I use two different cookers for grilling/smoking. For large amounts of meat, I use a Brinkman electric. Whole turkeys, pork shoulder or several slabs of ribs mostly. For smaller amounts I use a Weber kettle. It's set-up to cook indirect. For burgers, chicken, either cut up or whole, brats, pork steaks and the like. Use the Texas crutch liberally! Ribs, pork steaks and cut up chicken all goes in the foil with BBQ sauce. As for wood, I've settled on pecan and apple. Always concoct my own rub too. Not a pro by any stretch, but we sure like it. 

Enjoy slewfoot. Half the fun is experimenting until you find what you like!


----------



## Dubyagee (Nov 9, 2012)

Denver said:


> To quote Hank Hill "Use propane and propane products. Taste the meat not the heat"
> My apologies to Hank, I use mesquite, hickory, or cherry. Low and slow.
> I am on my second Char Grill dual fuel setup. Charcoal/Smoker on one side, propane on the other. Propane is great for quick burgers or hot links. The real fuel side for the good meat.I added the fire box to the charcoal side. Really like it. Wore out the last one.
> View attachment 9425


I have one just like that.










Love slow smoking ribs and chicken on it.


----------



## jeff70 (Jan 29, 2014)

Denver said:


> To quote Hank Hill "Use propane and propane products. Taste the meat not the heat"
> My apologies to Hank, I use mesquite, hickory, or cherry. Low and slow.
> I am on my second Char Grill dual fuel setup. Charcoal/Smoker on one side, propane on the other. Propane is great for quick burgers or hot links. The real fuel side for the good meat.I added the fire box to the charcoal side. Really like it. Wore out the last one.
> View attachment 9425


The char grill charcoal grill with side firebox is what got me started, I still have it and use it a few times a week for burgers and steak,


----------



## 1skrewsloose (Jun 3, 2013)

I bought an el- cheapo smoker box from Menards. Not totally smoked foods, but if you soak the chips for a time adds tons of flavor to the food. Just don't have the time to donate to 8 or 10 hours to truely smoke meat. Cost a bit of fuel also to smoke meat. I'm a tight-wad.


----------



## BagLady (Feb 3, 2014)

We've smoked quite a bit of Pork. Once tried Chicken. Found out not to use Hickory wood for Chicken.
We use oak and hickory for pork. We usually do a Boston Butt, and it takes about 12 hours.
We kill one hog per year, and last year we built a temporary smoke house for the bacon and hams.
We used a 6" metal pipe, sloped downhill to the covered fire, (about 10' pipe).
This method is used for a longer term smoking, like a "cold smoke curing".
We were able to keep the temps around 70-90 degrees.


----------



## bigwheel (Sep 22, 2014)

slewfoot said:


> Does anyone smoke their meat? I Got a propane smoker for Christmas and after a little practice and a small modification I have never had Ribs and pork roast that tastes so good.
> I have already checked out how I can convert this to charcoal if worse came to worse in a SHTF situation.
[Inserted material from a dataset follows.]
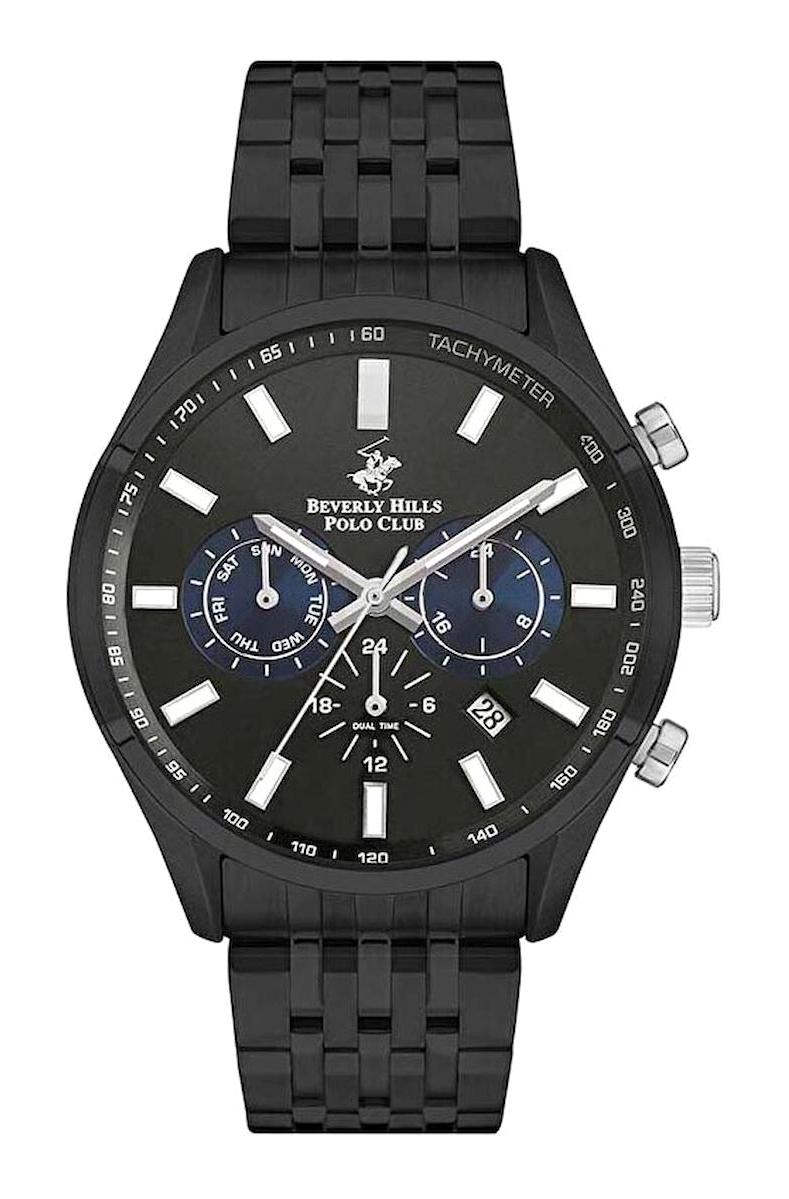 Beverly Hills Polo Club BP3249X670 Takvimli 46-50 mm Siyah Plastik Kordon Analog Erkek Kol Saati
This is my weapon of choice. Aint struck a fire in the big pit in several years. Can also be converted to charcoal when the world comes to an end. Get a 55 gallon barrel with an open end to dunk down over the top in crappy weather. three bricks along the bottom to let it draw some air. It cooks everything very good except for ribs. Too narrow diameter to lay them out flat as the Lord inteded ribs to be cooked. 
Brinkmann Gourmet Electric Smoker-810-7090-S - The Home Depot


----------



## Gunner's Mate (Aug 13, 2013)

Do you still have her I can fix it My NBS is still going strong


----------



## Gunner's Mate (Aug 13, 2013)

I am also going to say I have an Electric Smokin it Smoker freaking Awesome after smoking on wood and charcaol in an offset smoker for 20 years there is no comparison the electric is smoker is hands down unbelieveable


----------



## Gunner's Mate (Aug 13, 2013)

To clarify I use NBS offfset for grilling and the Smokin it Smoker for smokin


----------